The Fantastic Flying Journey
- 1st edition cover
- Author: Gerald Durrell
- Illustrator: Graham Percy
- Language: English
- Genre: Children's literature, adventure fiction, science fiction
- Publisher: Simon & Schuster Books for Young Readers
- Publication date: 1987
- Publication place: United States
- Media type: Print
- Pages: 151
- ISBN: 0-671-64982-5
- OCLC: 16404596
- Followed by: The Fantastic Dinosaur Adventure

= The Fantastic Flying Journey =

1987 novel by Gerald Durrell

The Fantastic Flying Journey is a 1987 children's adventure novel by Gerald Durrell. It is a story about three children and their great-uncle Lancelot travelling around the world in a hot air balloon. It was illustrated by Graham Percy and published by Simon & Schuster Books for Young Readers. In 1989, Durrell published a sequel, The Fantastic Dinosaur Adventure.

== Plot summary ==

One day, a hot air balloon attached to a huge straw house, lands in the garden of the Dollybutt family.
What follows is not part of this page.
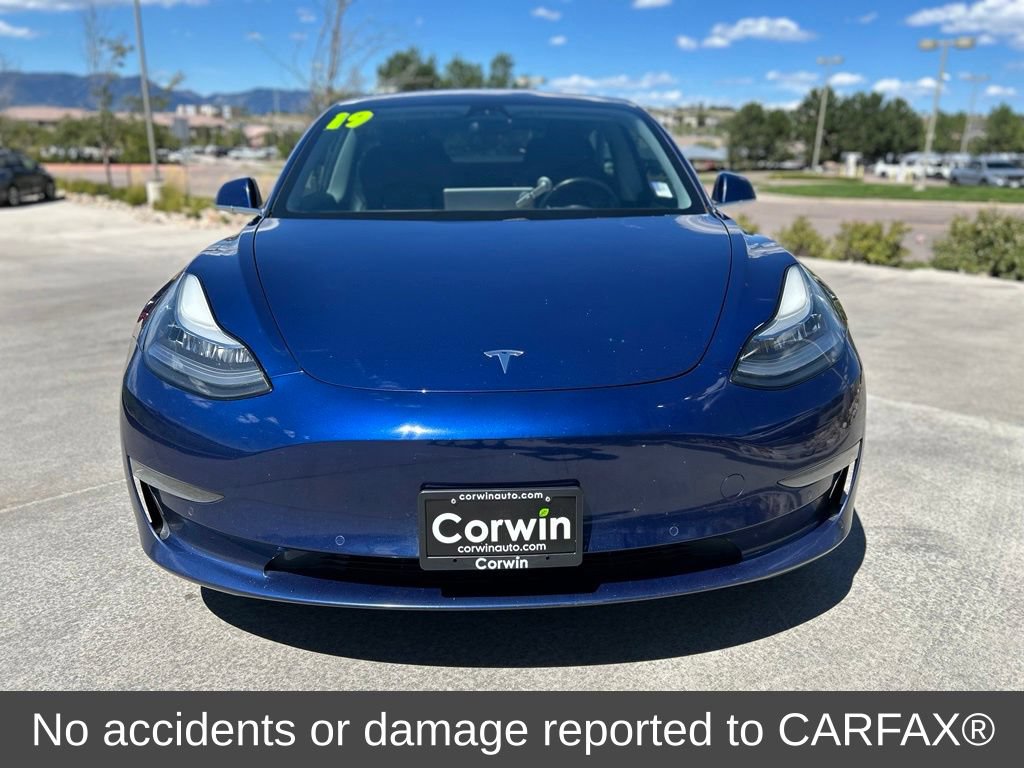 Used 2019 Tesla Model 3 Mid Range RWD image 2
The fat old man who owns it is Great-Uncle Lancelot. He tells Mrs Dollybutt and her three children that he is going to find his brother, Perceval, who is lost in the jungles of Africa, looking for gorillas. Perceval, a scientist, invented a magic dust which enables people to communicate with animals.

Lancelot takes the three children, Emma, Ivan and Conrad with him in the hot air balloon, which he has called Belladonna, to track Uncle Perceval. On their way, they meet several animals which they can talk to (because of the dust), including a swallow, a camel and a fennec fox, who tell them many interesting facts about their lives. In the jungle, the gorillas tell them that Perceval left for South Africa, to meet some elephants.

Lancelot and the three children follow Perceval to South Africa, and then to Australia, the North Pole, Canada, North America, Brazil and Patagonia. On their way, they meet a crocodile, a rhinoceros, some koalas, a platypus, a blue whale, some killer whales, polar bears, musk oxen, beavers, buffalos, monarch butterflies, a boa constrictor, some howler monkeys, penguins and elephant seals. Everywhere, they learn something about the animals, their habitat, behaviour and dangers threatening them.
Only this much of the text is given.